_DATASET CONTENT_:
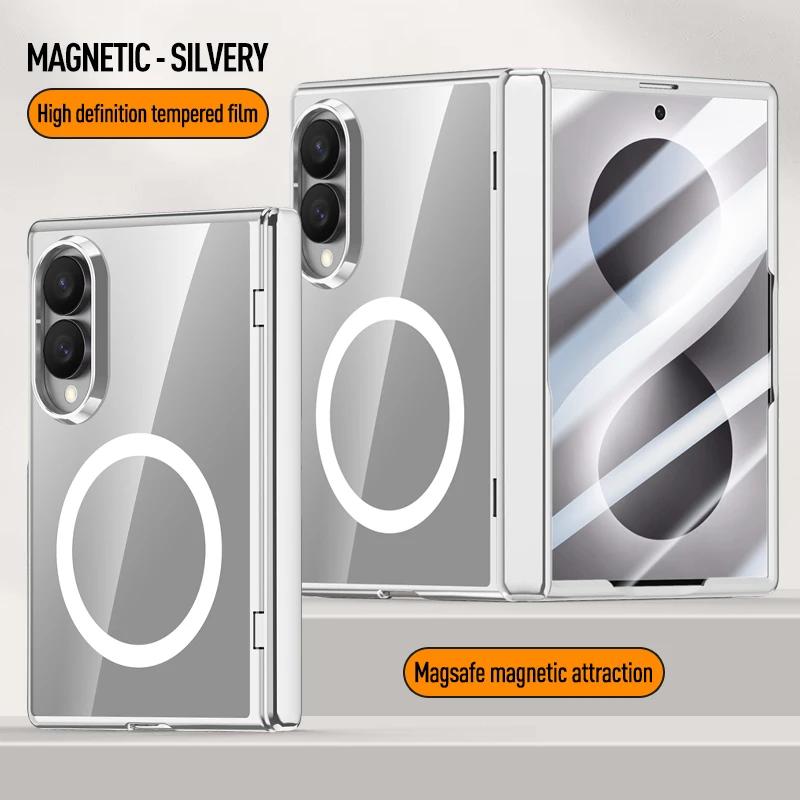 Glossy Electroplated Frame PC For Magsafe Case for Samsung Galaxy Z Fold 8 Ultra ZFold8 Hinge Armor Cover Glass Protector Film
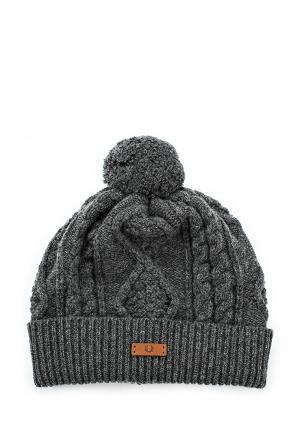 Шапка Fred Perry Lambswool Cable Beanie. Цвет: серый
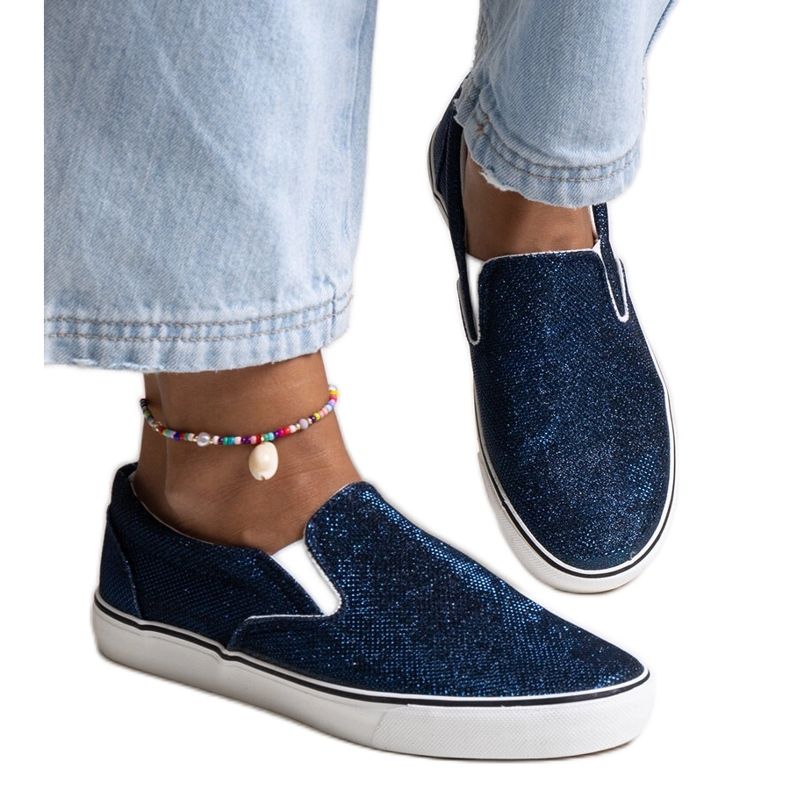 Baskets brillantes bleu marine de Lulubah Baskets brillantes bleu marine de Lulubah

_TASK DETAILS_: The response should reproduce all the material above exactly and leave out its pictures.

_COMPLETED TASK_:
 Glossy Electroplated Frame PC For Magsafe Case for Samsung Galaxy Z Fold 8 Ultra ZFold8 Hinge Armor Cover Glass Protector Film
 Шапка Fred Perry Lambswool Cable Beanie. Цвет: серый
 Baskets brillantes bleu marine de Lulubah Baskets brillantes bleu marine de Lulubah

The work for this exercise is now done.